Gray Matter and White Matter Abnormalities in Temporal Lobe Epilepsy Patients with and without Hippocampal Sclerosis

Abstract

The presentation and distribution of gray matter (GM) and white matter (WM) abnormalities in temporal lobe epilepsy (TLE) have been widely studied. Here, we investigated the GM and WM abnormalities in TLE patients with and without hippocampal sclerosis (HS) in five groups of participants: healthy controls (HCs) (n = 28), right TLE patients with HS (n = 26), right TLE patients without HS (n = 30), left TLE patients with HS (n = 25), and left TLE patients without HS (n = 27). We performed a flexible factorial statistical test in a whole-brain voxel-based morphometry analysis to identify significant GM and WM abnormalities and analysis of variance of hippocampal and amygdala regions among the five groups using the FreeSurfer procedure. Furthermore, we conducted multiple regression analysis to assess regional GM and WM changes with disease duration. We observed significant ipsilateral mesiotemporal GM and WM volume reductions in TLE patients with HS compared with HCs. We also observed a slight GM amygdala swelling in right TLE patients without HS. The regression analysis revealed significant negative GM and WM changes with disease duration specifically in left TLE patients with HS. The observed GM and WM abnormalities may contribute to our understanding of the root of epilepsy mechanisms.
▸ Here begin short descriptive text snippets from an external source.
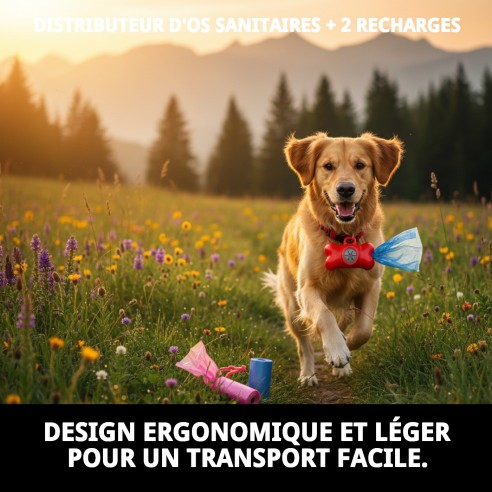 Distributeur d'Os Hygiénique avec Recharges pour Chiens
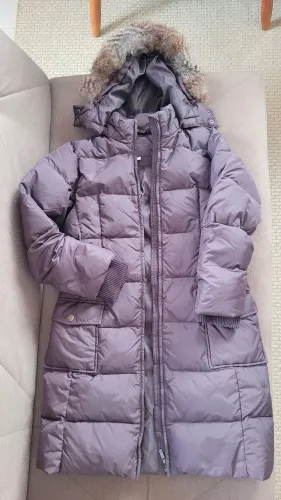 Casaco longo térmico infantil (meninas), para frio intenso, Tam 12 anos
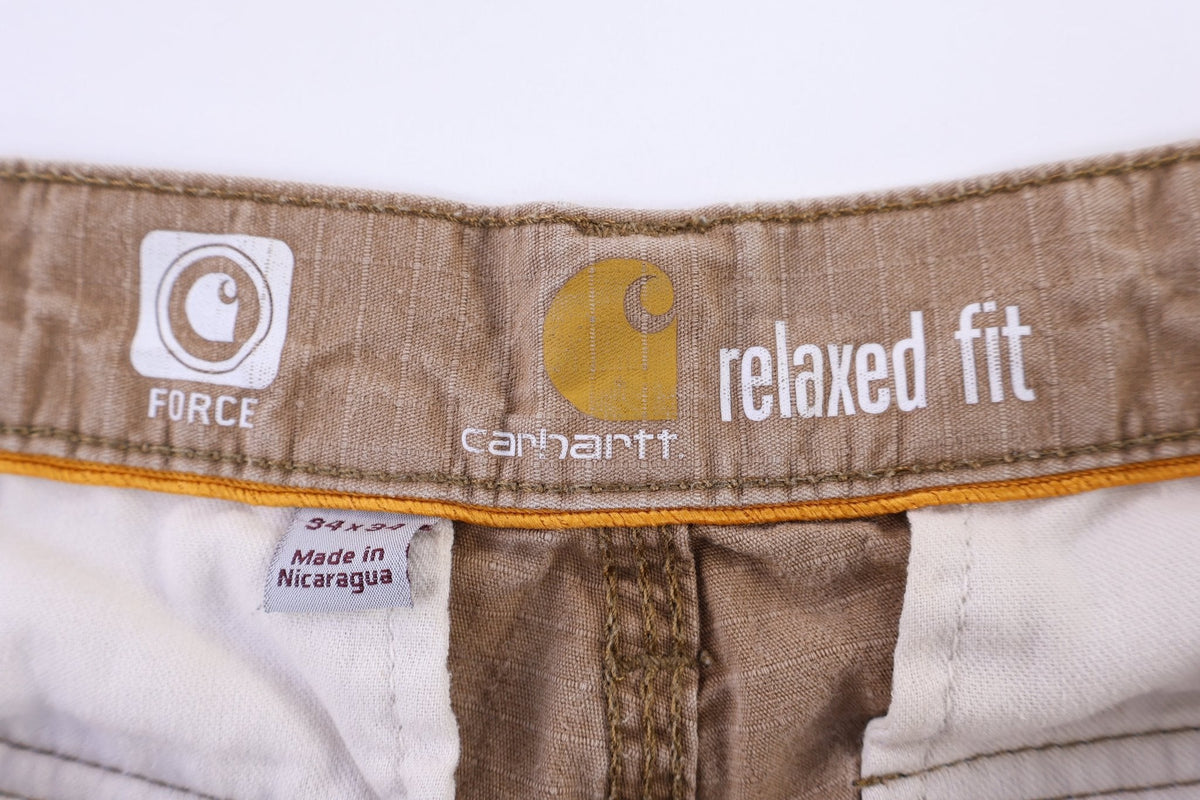 Carhartt Logo Patch Tan Cargo Pants product image 4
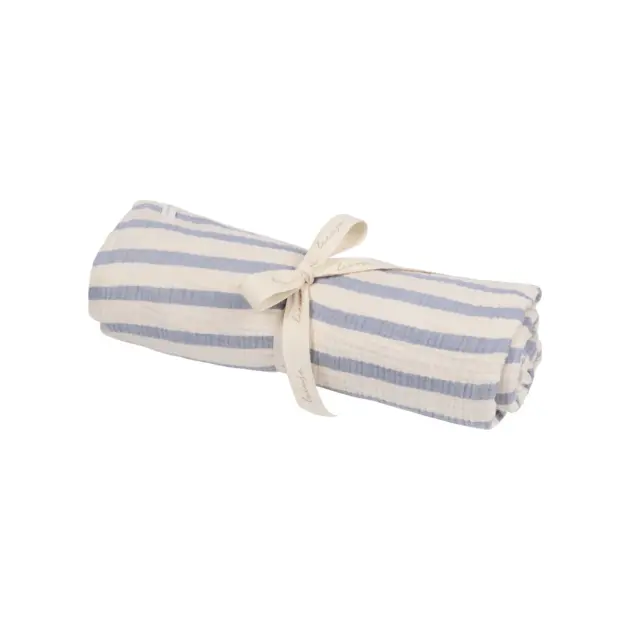 Leevje LARGE MUSLIN CLOTH 'BLUE STRIPES'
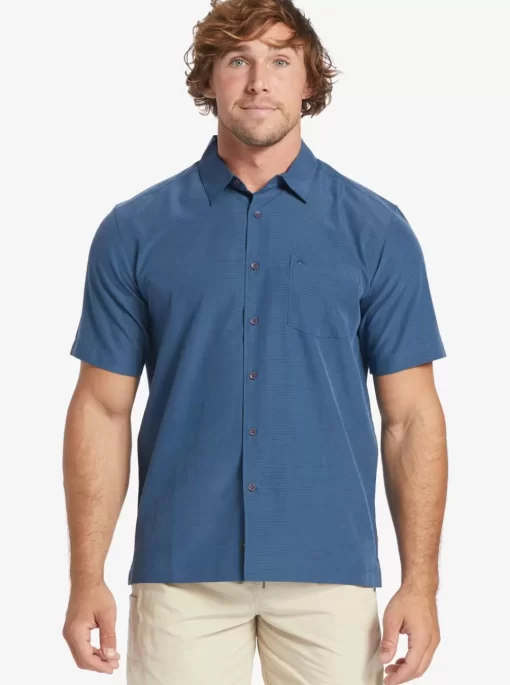 Mens Quiksilver Shirts & Polos | Waterman Centinela Premium Anti-Wrinkle Shirt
Keywords: FreeSurfer; hippocampal sclerosis; magnetic resonance imaging; temporal lobe epilepsy; voxel-based morphometry.

Figure 1

Significant gray matter volume alterations in the five groups by voxel-based morphometry analysis using SPM12 (family-wise error-corrected at p < 0.05 and an extent threshold K of 50). (A) F-test among the five groups, (B) HC > LTLE-HS, (C) HC > RTLE-HS, and (D) RTLE-no > HC. HC, healthy control; LTLE-HS, left temporal lobe epilepsy with hippocampal sclerosis; RTLE-HS, right temporal lobe epilepsy with hippocampal sclerosis; RTLE-no, right temporal lobe epilepsy without hippocampal sclerosis.

Figure 2

Significant white matter volume alterations in the five subject groups shown by the voxel-based morphometry analysis using SPM12 (family-wise error-corrected at p < 0.05 and an extent threshold K of 50). (A) F-test among the five groups, (B) HC > LTLE-HS, and (C) HC > RTLE-HS. HC, healthy control; LTLE-HS, left temporal lobe epilepsy with hippocampal sclerosis; RTLE-HS, right temporal lobe epilepsy with hippocampal sclerosis.

Figure 3

Distribution of left and right volumes among the five subject groups, obtained from the FreeSurfer results: (A) hippocampal and (B) amygdala. HC, healthy control; LTLE-HS, left temporal lobe epilepsy with hippocampal sclerosis; LTLE-no, left temporal lobe epilepsy without hippocampal sclerosis; RTLE-HS, right temporal lobe epilepsy with hippocampal sclerosis; RTLE-no, right temporal lobe epilepsy without hippocampal sclerosis.

Figure 4

Z score distributions of hippocampal and amygdala volumes among the subject groups. (A) Right hippocampal, (B) left hippocampal, (C) right amygdala, and (D) left amygdala. HC, healthy control; LTLE-HS, left temporal lobe epilepsy with hippocampal sclerosis; LTLE-no, left temporal lobe epilepsy without hippocampal sclerosis; RTLE-HS, right temporal lobe epilepsy with hippocampal sclerosis; RTLE-no, right temporal lobe epilepsy without hippocampal sclerosis.

Figure 5

The range of hippocampal and amygdala volumes among the subject groups. (A) Right hippocampal, (B) left hippocampal, (C) right amygdala, and (D) left amygdala. HC, healthy control; LTLE-HS, left temporal lobe epilepsy with hippocampal sclerosis; LTLE-no, left temporal lobe epilepsy without hippocampal sclerosis; RTLE-HS, right temporal lobe epilepsy with hippocampal sclerosis; RTLE-no, right temporal lobe epilepsy without hippocampal sclerosis.

Figure 6

The result of a negative correlation of gray matter (GM) and white matter (WM) volumes with disease duration among left temporal lobe epilepsy patients with hippocampal sclerosis shown by multiple regression analysis using statistical parametric mapping software (uncorrected at p < 0.001 and an extent threshold K of 250). (A) GM and (B) WM.